The Ghoul
di T. Hayes Hunter
The Ghoul è un film horror inglese del 1933 diretto da T. Hayes Hunter.
Perduto per decenni, venne ritrovato nei primi anni settanta, inizialmente in una copia danneggiata, poi – circa dieci anni dopo – in una versione integra che fu restaurata e distribuita in home video.
Liberamente tratto da un romanzo di Frank King, il film racconta la storia del professor Morlant (Boris Karloff), egittologo ossessionato dall’aldilà, convinto che un antico gioiello possa garantirgli la vita eterna. Alla sua morte, il servitore a cui aveva dato precise disposizioni sul suo funerale, gli sottrae il prezioso manufatto. A complicare le cose, un gruppo di ospiti indesiderati – nipoti ereditieri, un avvocato viscido, un prete sospetto – si aggira per la sua tetra dimora. E quando il cadavere di Morlant esce dalla suo sarcofago e scopre che il gioiello è scomparso, l’ira del morto vivente si abbatte contro tutti i presenti nella sua casa.

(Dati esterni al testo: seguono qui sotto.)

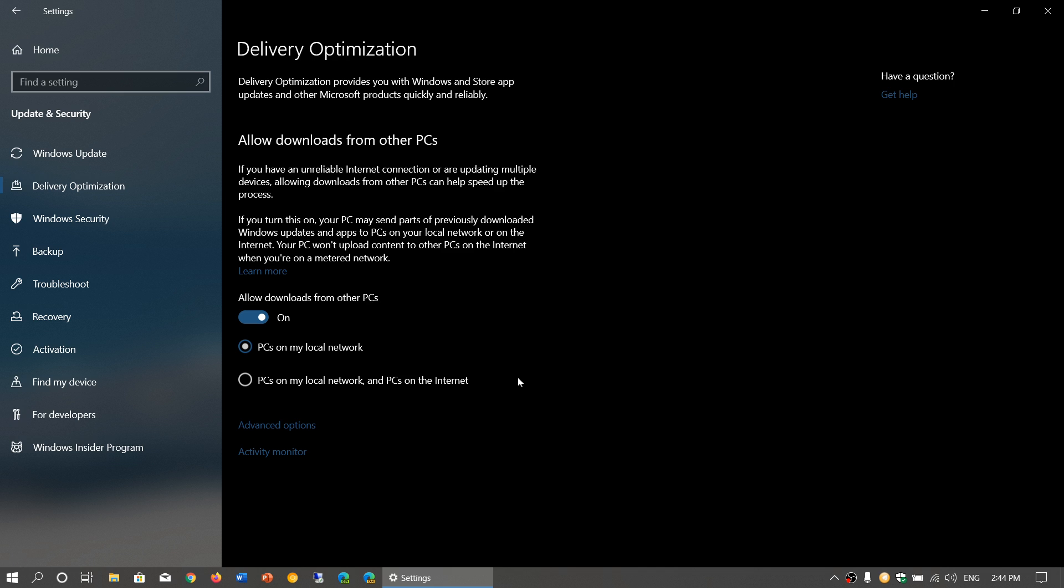At the same time, you are also sending out bits of the updates to other PCs on the internet. That will use some part of your bandwidth.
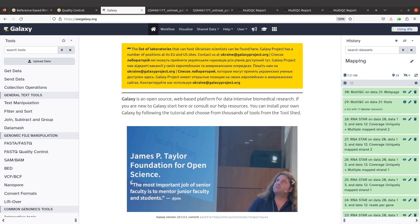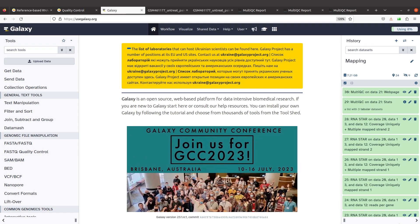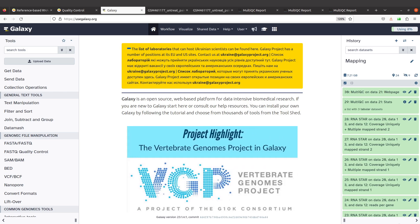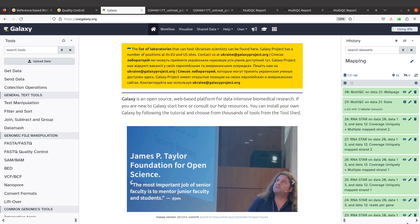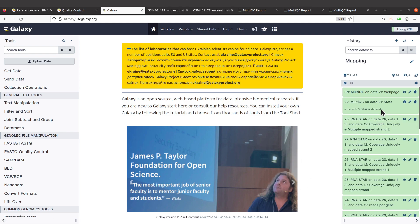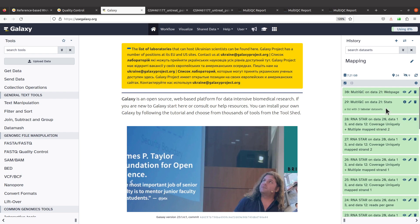Hi everyone, welcome to another tutorial session on RNA-seq data analysis. In today's tutorial, I'm going to show you how to use the Galaxy platform to generate the read counts using feature counts. This tutorial is a continuation of the earlier one on mapping, so I encourage you to watch that video if you want to follow along, as we are using the output from that tutorial here.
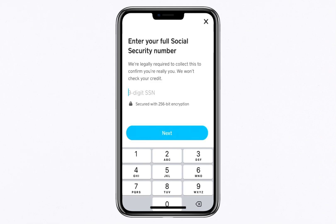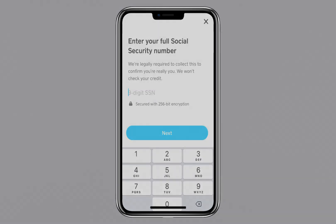It's worth noting that setting up a Bitcoin wallet on Cash App has become slightly more detailed over time. These additional verification steps are in place to enhance security and ensure compliance with regulatory standards, making the platform safer for all users. Although the process now requires a bit more time and effort, following these steps carefully will ensure that you're set up for success.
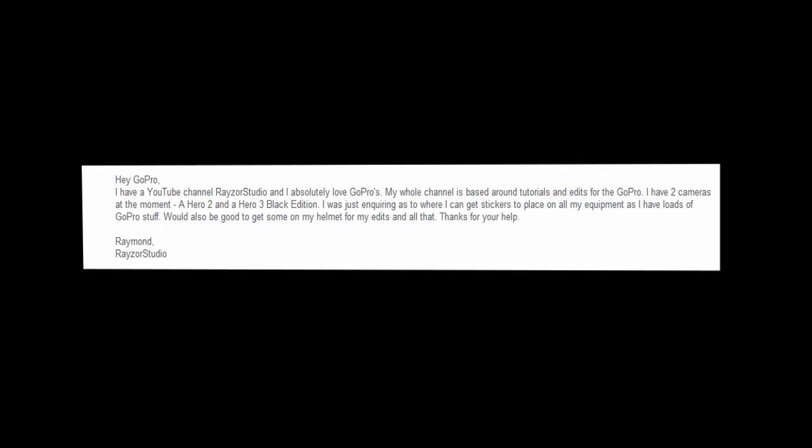Once you send your message to customer support by clicking submit, they usually respond within a maximum of 48 hours, but I got mine back in about 30 minutes.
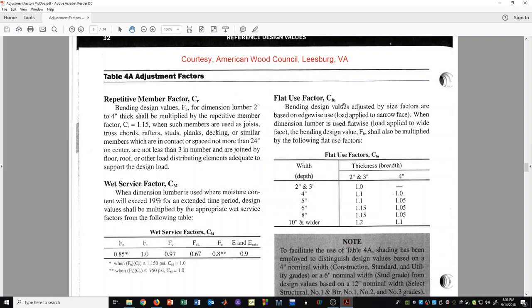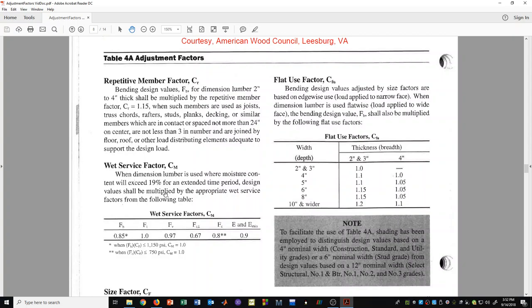The flat use factor, C sub FU, applies when a 2x4 is loaded in bending about the weak axis — that is, laying flat. In that case you use this factor, and depending on the depth and thickness you can read the value from the table. Most of the time beams are not in the flat configuration, so this factor would not apply. If lumber has a moisture content exceeding 19% for extended periods, we would have to consider the wet service factor, C sub M, read from the table.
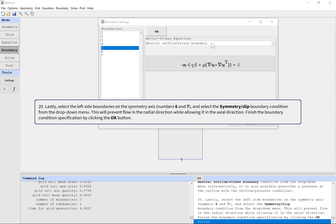Lastly, select the left side boundaries on the symmetry axis and select the symmetry slip boundary condition from the drop down menu. This will prevent flow in the radial direction while allowing it in the axial direction. Finish the boundary condition specification by clicking the OK button.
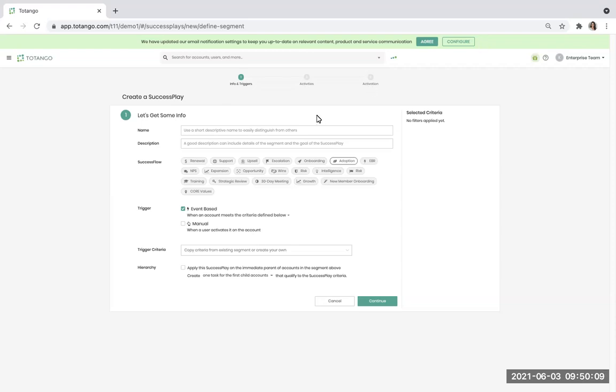Success plays allow you to take action at scale and give organizations the ability to standardize workflows and achieve consistent and effective delivery to both increase the productivity of your team and reduce churn.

Nonostante il titolo evochi creature mostruose, The Ghoul ha poco di soprannaturale. Il suo orrore si muove nella penombra della Old Dark House, tra mistery teatrale e commedia nera. È il cugino inglese di Il gatto e il canarino, ma con le suggestioni dell’antico Egitto, già viste ne La mummia di Freund, per rivestire di esotismo e inquietudine una vicenda tutta terrena fatta di avidità, superstizione e tradimenti. Prodotto dalla piccola casa britannica Gaumont, che cercava di emulare i successi dell’horror hollywoodiano, il film segna anche il ritorno di Boris Karloff nel Regno Unito. Il suo personaggio è quasi muto, ma basta la sua gestualità, la rigidità delle movenze e lo sguardo febbrile a restituire un’icona del terrore. Il resto del cast si muove tra fanciulle svenevoli e servitori dall’etica discutibile, dentro un impianto visivo dall'estetica espressionista.
Nostante una trama assai esile e un finale che smonta l’apparente soprannaturale riportando tutto al terreno, The Ghoul si lascia apprezzare per l'estetica, grazie alla fotografia firmata da Günther Krampf – già direttore della fotografia di Nosferatu – che trasforma la casa in un labirinto d’ombre, manufatti egizi e silenzi inquetanti.